Let’s start with #1. We need to maintain a list of friends. Let’s start simple and keep it as file on our computer. The file will be a list of email addresses.

Email Address
Table 1.0
Let’s move on to #2. We need to be able to log in to the “server”. The server should be able authenticate our credentials. So, it should probably need a database like this:
Email Address Password
Table 2.0

Note: Real databases should never store passwords. They always use a “one way hash function” to convert the password into some alphanumeric gibberish. Since this is a “one-way” process, passwords cannot be revealed even when the database is compromised.

Question 1: Why do we need to log in anyways?

Now, let’s tackle the real problem. We want to be able to send a private message to a user in our friend list. To be able to send a message to our friend’s computer over the internet, we will need his “IP Address”.  Now we have hit a roadblock. We don’t have this information anywhere. Our friend list file contains only email addresses. To solve this problem we can save the IP address of a user on the server and download it to our computer, when he is added to the friend list.

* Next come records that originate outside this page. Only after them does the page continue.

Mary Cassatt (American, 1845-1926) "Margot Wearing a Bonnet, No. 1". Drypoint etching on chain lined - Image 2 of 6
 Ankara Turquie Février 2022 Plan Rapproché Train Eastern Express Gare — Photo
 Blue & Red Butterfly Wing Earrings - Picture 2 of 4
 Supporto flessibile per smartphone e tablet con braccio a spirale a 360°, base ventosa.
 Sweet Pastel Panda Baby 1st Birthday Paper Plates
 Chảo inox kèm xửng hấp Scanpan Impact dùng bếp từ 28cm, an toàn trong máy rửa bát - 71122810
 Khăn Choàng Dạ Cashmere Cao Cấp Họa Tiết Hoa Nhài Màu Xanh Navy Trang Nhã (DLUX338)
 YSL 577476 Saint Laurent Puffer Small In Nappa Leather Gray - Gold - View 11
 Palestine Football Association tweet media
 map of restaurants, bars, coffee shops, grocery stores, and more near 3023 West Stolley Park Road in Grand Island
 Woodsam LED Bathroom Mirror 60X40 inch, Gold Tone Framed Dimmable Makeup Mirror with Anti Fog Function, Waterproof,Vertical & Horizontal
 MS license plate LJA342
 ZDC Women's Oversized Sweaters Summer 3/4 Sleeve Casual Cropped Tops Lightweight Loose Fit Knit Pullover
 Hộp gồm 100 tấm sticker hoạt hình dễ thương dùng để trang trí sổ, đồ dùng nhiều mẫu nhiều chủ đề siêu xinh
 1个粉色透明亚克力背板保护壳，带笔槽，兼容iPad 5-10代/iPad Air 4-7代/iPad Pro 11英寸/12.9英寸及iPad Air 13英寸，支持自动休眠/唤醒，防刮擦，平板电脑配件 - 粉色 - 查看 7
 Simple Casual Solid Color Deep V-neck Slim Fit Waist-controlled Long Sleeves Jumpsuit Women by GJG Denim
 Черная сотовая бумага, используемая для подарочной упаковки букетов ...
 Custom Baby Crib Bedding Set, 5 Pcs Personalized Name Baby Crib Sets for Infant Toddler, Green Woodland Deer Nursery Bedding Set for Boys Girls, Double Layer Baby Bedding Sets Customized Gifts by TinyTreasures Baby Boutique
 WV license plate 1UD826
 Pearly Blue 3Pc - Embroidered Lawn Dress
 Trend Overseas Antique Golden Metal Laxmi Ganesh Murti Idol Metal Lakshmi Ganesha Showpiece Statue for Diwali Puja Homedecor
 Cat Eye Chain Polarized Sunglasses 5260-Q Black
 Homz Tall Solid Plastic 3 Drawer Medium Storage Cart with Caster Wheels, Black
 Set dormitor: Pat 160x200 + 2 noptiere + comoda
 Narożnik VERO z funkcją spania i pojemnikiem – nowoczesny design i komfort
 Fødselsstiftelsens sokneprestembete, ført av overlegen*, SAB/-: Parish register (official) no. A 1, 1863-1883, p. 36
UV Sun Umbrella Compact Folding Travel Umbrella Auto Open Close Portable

To achieve this, we will need the server to remember the IP address. So let’s update Table 2.0 to reflect this:

Email Address Password IP Address
Table 2.1

There ! Problem solved.  In order to make this work we will now need to update Table 1.

Email Address IP Address
Table 1.1

Now we can look up the IP address from this file and use that to send a private message to his computer. But what if we want to chat from another computer? Without the file, the chat client won’t know who your friends are. So definitely this approach of “statically” storing IP addresses won’t work. We need an approach that is “dynamic” where the data is updated whenever the user changes location. We need a data-store that is always online and always kept up-to-date. And the chat server is the ideal candidate for such a data store.

Let’s add another table to the server, from where we can look up the friend list given any user.

User Email Address Friend Email Address
Table 3.0

Table 3.0 has a “one-to-many” relationship between a user’s email address and his friend’s email address.  This means, if there are N users with M friends each, then the table will have N x M rows.

We now have all the pieces needed to create a robust chat network. Let’s review our algorithm.

    1. User enters his credentials in the chat client and “logs-in” to the server.
    2. The chat server authenticates the user with the credentials stored in its database and stores the current IP address using Table 2.1.
    3. The chat client looks up the user’s friend list by retrieving the list of friend email address given the user’s email address using Table 3.0
    4. For each friend’s email address, the chat client look’s up the corresponding IP address from Table 2.1.

That’s all for this episode. Until next time, I will leave you with some questions to ponder about.

  1. How do we handle “status updates”
  2. How can we introduce an “offline messaging” feature?
  3. Can we enable “group chatting” only by changing the chat client?